Elizabeth Warren famously wants us to be more like China and devote even greater percentages of our GDP to infrastructure construction.
Warren is making this push despite the fact that we already spend huge sums on infrastructure, we just don’t do it very efficiently as state and local governments have proven to be very bad at managing infrastructure costs.
Part of the problem is that federal projects and many state projects require union labor or equivalent pay scales which costs a fortune (the Boston Big Dig was a prime example) so we get a lot less for more.
The more important problem is that Warren is completely clueless about China. I previously pointed out that Warren seemed unaware of the Chinese real estate and construction bubbles resulting from use of infrastructure construction to stimulate the economy.

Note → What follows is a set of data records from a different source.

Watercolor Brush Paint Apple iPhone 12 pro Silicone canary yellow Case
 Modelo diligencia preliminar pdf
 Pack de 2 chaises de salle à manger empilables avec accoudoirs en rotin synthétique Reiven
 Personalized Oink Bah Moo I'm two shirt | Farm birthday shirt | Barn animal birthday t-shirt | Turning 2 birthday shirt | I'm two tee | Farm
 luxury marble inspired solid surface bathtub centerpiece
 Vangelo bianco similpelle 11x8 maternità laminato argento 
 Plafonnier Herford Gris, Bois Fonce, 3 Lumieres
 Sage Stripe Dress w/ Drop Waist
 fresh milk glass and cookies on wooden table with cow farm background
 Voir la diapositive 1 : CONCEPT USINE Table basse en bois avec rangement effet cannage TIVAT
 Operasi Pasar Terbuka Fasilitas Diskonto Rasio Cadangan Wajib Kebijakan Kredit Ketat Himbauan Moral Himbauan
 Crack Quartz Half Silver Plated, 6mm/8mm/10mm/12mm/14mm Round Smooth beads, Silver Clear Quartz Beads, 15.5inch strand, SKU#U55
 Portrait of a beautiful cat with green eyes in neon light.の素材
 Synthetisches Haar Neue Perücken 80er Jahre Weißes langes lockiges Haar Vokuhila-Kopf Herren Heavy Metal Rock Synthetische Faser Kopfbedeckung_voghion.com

The latest sign that China’s economy is slowing dramatically? A plunge in the price of steel and iron ore. The Financial Times has the numbers:
Hot rolled steel, an industry benchmark, traded at Rmb3,562 ($560) a tonne this week, having tumbled 19 per cent since April to its lowest level in almost three years.
The collapse in steel prices is already roiling the industry:
Last month the China Iron and Steel Association said domestic steelmakers saw profits plunge 96 per cent in the first half compared with a year ago, turning the industry into a “disaster zone”. . .
According to Reuters, Chinese steel mills have either defaulted on supply contracts or deferred shipment of up to 4m tonnes of iron ore this month following the fall in prices.
Is it too much to ask that Warren at least do a Google search before she comes up with an economic plan for the country?
Apparently so, because expecting a female Senate candidate to use Google must be anti-woman, or something like that.